都市と農村を限りなく近づけ、農業を楽しむバカンスを奨励するものですが、国境を接することによって外国から流入する旅行者も受け入れることによって、洗練されたホスピタリティも培われました。宿泊施設や食事も一流、家族と一緒に最高のクオリティライフを味わいながら長期休暇を楽しめるのがアグリ・ツーリズムです。このツーリズムは、女性が担い手になっていることが特徴で、津端修一は、『現代ヨーロッパ 農村休暇事情 続・生活小国からの脱出法』(はる書房 1994年)の中で、「このシステムは、サービスも施設水準も、清潔で家庭的で、ホテル以上。ルームメーキングも、洗濯も、朝食もいっさいを奥さん、お嫁さん、子供さんで処理して、男性は関係なし。とにかく、女性専業で取り仕切って、雇い人なしが原則です」と述べています。

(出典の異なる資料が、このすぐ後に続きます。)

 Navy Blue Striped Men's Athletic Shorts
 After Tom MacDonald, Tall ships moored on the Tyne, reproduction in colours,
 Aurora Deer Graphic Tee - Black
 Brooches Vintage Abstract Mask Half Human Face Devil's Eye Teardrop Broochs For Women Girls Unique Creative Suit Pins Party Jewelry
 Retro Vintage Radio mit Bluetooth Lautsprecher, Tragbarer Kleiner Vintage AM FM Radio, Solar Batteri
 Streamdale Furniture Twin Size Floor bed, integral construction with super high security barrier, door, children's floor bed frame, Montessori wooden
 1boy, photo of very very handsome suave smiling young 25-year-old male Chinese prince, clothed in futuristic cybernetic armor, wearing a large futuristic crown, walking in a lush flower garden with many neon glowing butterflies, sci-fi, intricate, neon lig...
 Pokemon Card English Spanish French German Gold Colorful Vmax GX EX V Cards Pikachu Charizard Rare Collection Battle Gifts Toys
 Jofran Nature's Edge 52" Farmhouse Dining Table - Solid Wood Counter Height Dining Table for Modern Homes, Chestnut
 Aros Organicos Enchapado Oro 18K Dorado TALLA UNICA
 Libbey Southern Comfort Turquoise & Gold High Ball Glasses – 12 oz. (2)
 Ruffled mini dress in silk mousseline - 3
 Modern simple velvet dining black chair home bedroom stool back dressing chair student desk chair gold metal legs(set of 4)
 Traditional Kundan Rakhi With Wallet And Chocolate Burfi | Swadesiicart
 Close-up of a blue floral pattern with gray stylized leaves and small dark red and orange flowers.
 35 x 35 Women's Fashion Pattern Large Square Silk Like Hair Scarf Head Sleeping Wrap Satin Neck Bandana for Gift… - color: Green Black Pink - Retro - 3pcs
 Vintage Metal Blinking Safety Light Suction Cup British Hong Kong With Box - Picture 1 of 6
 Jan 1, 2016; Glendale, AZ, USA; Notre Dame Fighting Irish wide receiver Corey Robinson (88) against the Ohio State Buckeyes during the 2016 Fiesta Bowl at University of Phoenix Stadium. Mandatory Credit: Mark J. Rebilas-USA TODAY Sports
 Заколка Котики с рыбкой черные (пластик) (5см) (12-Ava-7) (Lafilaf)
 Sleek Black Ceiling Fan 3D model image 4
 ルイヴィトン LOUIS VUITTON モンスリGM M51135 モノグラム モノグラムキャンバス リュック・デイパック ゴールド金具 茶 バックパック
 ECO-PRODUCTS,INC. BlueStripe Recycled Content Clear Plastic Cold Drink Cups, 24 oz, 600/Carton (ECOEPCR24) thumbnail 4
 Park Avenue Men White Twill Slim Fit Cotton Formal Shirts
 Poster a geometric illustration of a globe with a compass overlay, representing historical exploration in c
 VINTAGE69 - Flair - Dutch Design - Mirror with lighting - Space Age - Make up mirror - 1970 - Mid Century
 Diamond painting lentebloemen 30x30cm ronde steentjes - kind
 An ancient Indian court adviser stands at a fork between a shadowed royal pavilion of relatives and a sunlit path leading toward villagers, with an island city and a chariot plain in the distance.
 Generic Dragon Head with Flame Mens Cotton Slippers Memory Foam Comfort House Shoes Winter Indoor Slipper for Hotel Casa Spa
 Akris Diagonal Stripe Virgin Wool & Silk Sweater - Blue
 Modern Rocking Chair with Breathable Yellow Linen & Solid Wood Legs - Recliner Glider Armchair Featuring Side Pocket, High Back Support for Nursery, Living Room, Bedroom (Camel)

社団法人日本ツーリズム産業団体連合会は、2002年から「秋休み」を提案しています。なかなか長期休暇を取得することが困難な日本のビジネスマンですが、都市生活者が農業の収穫を楽しみ、農業を支援することによって、国際的に競争力のある農業を再生させることが望まれます。ヨーロッパから30年ほど遅れを取っていますが、アグリ・ツーリズムによって地域が元気になるためには、長期休暇に対する社会システムと意識改革が待たれます。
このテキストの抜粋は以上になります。